Name protected, 28-year-old complainant
Toronto courtroom, National Post file |
A trial is being conducted before Ontario Superior Court Judge Mario Faieta before a jury at a downtown courthouse in Toronto. A 28-year-old woman has charged a 44-year-old acquaintance with rape, a man who is pleading not guilty. Prosecutor Maeve Mongovan informed jurors in her opening statement that the alleged sexual assault occurred in the early morning hours at the apartment of the man who has been accused.
The woman who worked at an east-end Toronto restaurant and bar finished her shift just after midnight, when she sat around drinking at the bar with co-workers. Over the following few hours she consumed, by her own estimation, about ten drinks that included two double gins and soda and four shots. The man whose girlfriend also worked at the restaurant jointed the group at another bar nearby, where he and his girlfriend invited the 28-year-old and her co-worker to come party with them at his downtown apartment.
The 28 year-old took up the invitation, her friend did not. When she arrived at the apartment the man she has accused of rape and his girlfriend were present in the apartment along with another male friend and they were doing lines of cocaine, so she joined them, taking "around four lines of cocaine", herself. It was her experience that cocaine "can kind of sober you up a little bit". She thought herself to be around "a four out of ten" on the intoxication scale. And that's when the defendant offered her "some G" which she knew as "a date-rape drug" she had taken once before in 2011 at a Pride parade.
The drug, she testified, made her "a little bit sleepy". She was due to work that morning at a fitness club where she had a second job. "I figured it was a good way to get some rest", she testified even though the defendant cautioned her: "Be careful; it's a bit strong." Nonetheless "I took the shot". The defendant offered her a tour of the apartment while his girlfriend and the other man were standing outside on the apartment balcony. It was then that the defendant, claimed the woman, threw her onto the bed. She protested, then joined the others on the balcony.
She has no memory of returning to the bedroom, ostensibly by her explanation under her own power. But does recall hazily that she informed the defendant that she enjoyed sex in threesomes. Following which she realized she was having sex -- with someone, then saw it was the defendant. She lent herself to the enterprise in the spirit of cooperation, but felt guilty that she had 'betrayed her boyfriend'. When she said she wanted to stop and slid off the bed that was the end of it. The defendant called an Uber ride for her and she went home.

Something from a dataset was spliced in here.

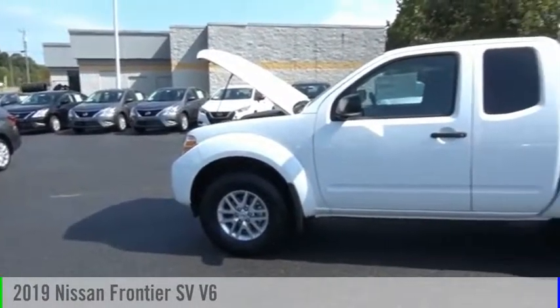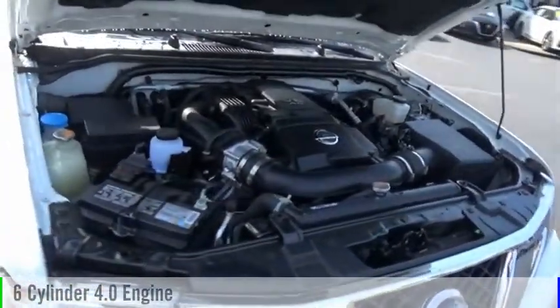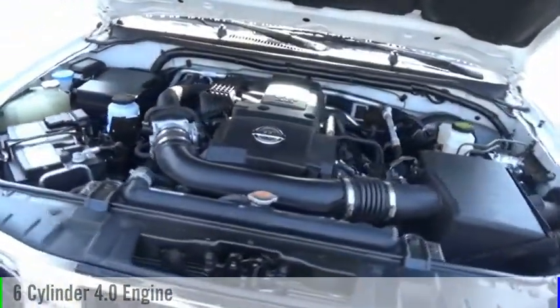We are pleased to show you the 2019 Frontier. This vehicle is powered by a four-wheel drive, six-cylinder, 4.0-liter engine, and comes with a five-speed automatic transmission.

At work, her friend consoled her as she wept, informing her friend she had consumed GHB and had sex with someone other than her boyfriend. Her friend responded: "Don't feel guilty Somebody gave you drugs and had sex with you. That's not you cheating on [the boyfriend]. That's date rape."
And so, having been informed by a friend that she had been raped, the claimant decided to lay a criminal charge of rape against the man whose apartment she had visited, where she drank alcohol while already on the way to intoxication, took heroin, and capped it off with a date-rape drug, all of which she consumed not merely willingly but assertively.